State lawmakers guaranteed there could be wide variation in districts' plans when they passed the requirements for new evaluations in 2010 as part of an effort to get federal funding. With only a general framework in place, and a requirement to negotiate with unions, state officials said they expected differences. Advocates of judging teachers more stringently said New York was on track.
Joel Klein, former chancellor of New York City schools, said Friday that a single evaluation system statewide would be a big, easy target for unions to go after and pick apart.
"As long as they're meaningful systems that have effective criteria for evaluation that are transparent and will lead to meaningful accountability, that's where we learn from each other," said Mr. Klein, who now works for News Corp., which owns The Wall Street Journal.
In 2011, however, when Mr. King tried to give more weight to state standardized tests, the union sued and slowed implementation across the state as districts waited for courts to decide the matter. In February, after Gov. Andrew Cuomo put a spotlight on the issue and threatened to push through an alternate resolution, the state and the New York State United Teachers settled. Meanwhile, Mr. Cuomo set a deadline of January 2013 for districts to have their local plans in effect or lose up to 4% of their state aid.
Carol Burris, a principal in Rockville Centre who is an outspoken opponent of standardized testing, said her district was working on a system that included some schoolwide averages to blunt the effect of a single test score and recognize that children are influenced by all of their teachers. That is a pattern popping up in other districts, too. In the Long Island hamlet of Bellmore, state English exam scores will be factored into the performance reviews for sixth-grade science teachers.
"Science teachers do contribute to literacy in English," Ms. Burris said. "Even the phys-ed teacher who keeps kids fit and healthy...in a sense affects the performance of that child on other exams."

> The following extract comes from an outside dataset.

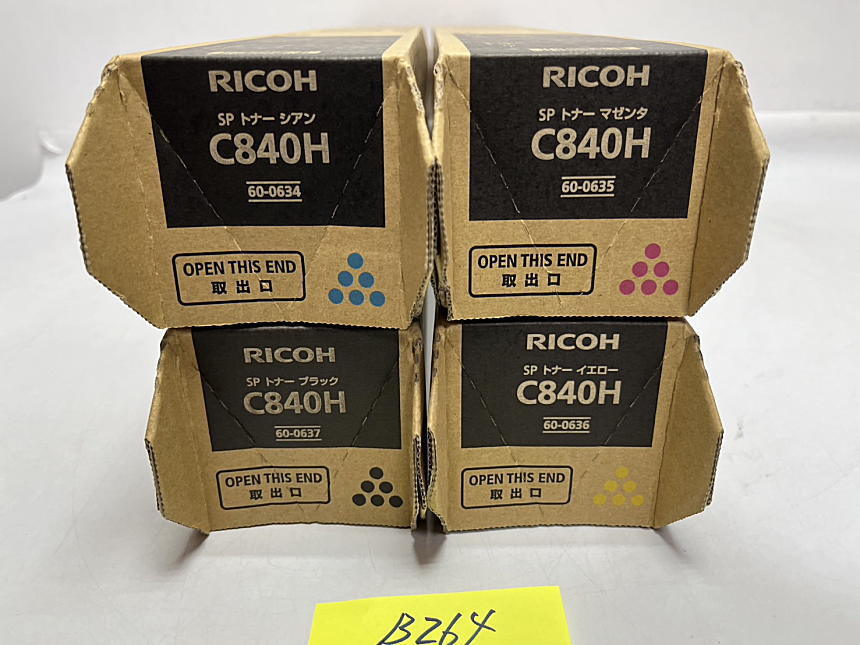 B-264【新品】リコー RICOH SPトナー C840H K/C/M/Y ブラック/シアン/マゼンタ/イエロー 4色4本セット 純正の画像1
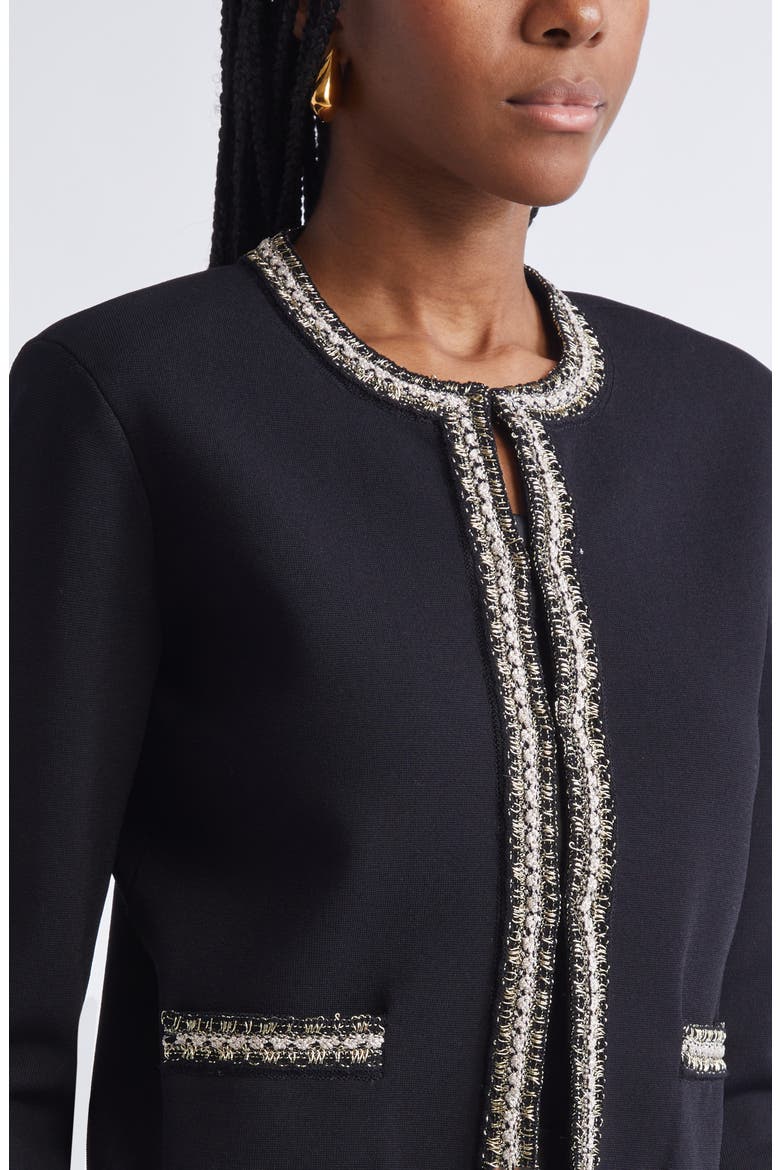 Helen Braided Trim Knit Jacket, Alternate, color, BLACK/ GOLD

Meanwhile, the appeals process for poor ratings—which had been a major sticking point between city officials and the union in New York City—also varies from district to district. In Kings Park on Long Island, the superintendent has the final say. But in Schenectady, the superintendent doesn't have as much power. Appeals go to a four-person panel, with two members chosen by the superintendent and the other two by the union.
Distinguishing good teachers from poor ones is no easy task. Research in the field is in its infancy. Administrators and district officials say any method is better than the one it replaces in most districts: a simple thumbs up or thumbs down on job performance, with nearly all teachers receiving a "satisfactory" rating. In New York City, less than 1% of teachers were rated "unsatisfactory" in 2005-06.
There is agreement that effective teaching can best be measured through several different methods, such as pairing analysis of student test scores with principals' observations.
The new system is supposed to serve two purposes. Unions say it will be more instructive for teachers, giving them insight into what they need to work on and guiding them through required professional development for poorly rated teachers.
New York City Mayor Michael Bloomberg and others pushing to remake the system also hope getting rid of bad teachers will be faster and easier. Whether it will work in practice remains to be seen, and it relies on principals and superintendents effectively using the plans they've created, said Sandi Jacobs, a vice president with the National Council on Teacher Quality, a nonprofit organization.
"Administrators are going to have to use the system well," she said. "They're going to have to be willing to have hard conversations. It's not just about documenting it on a piece of paper."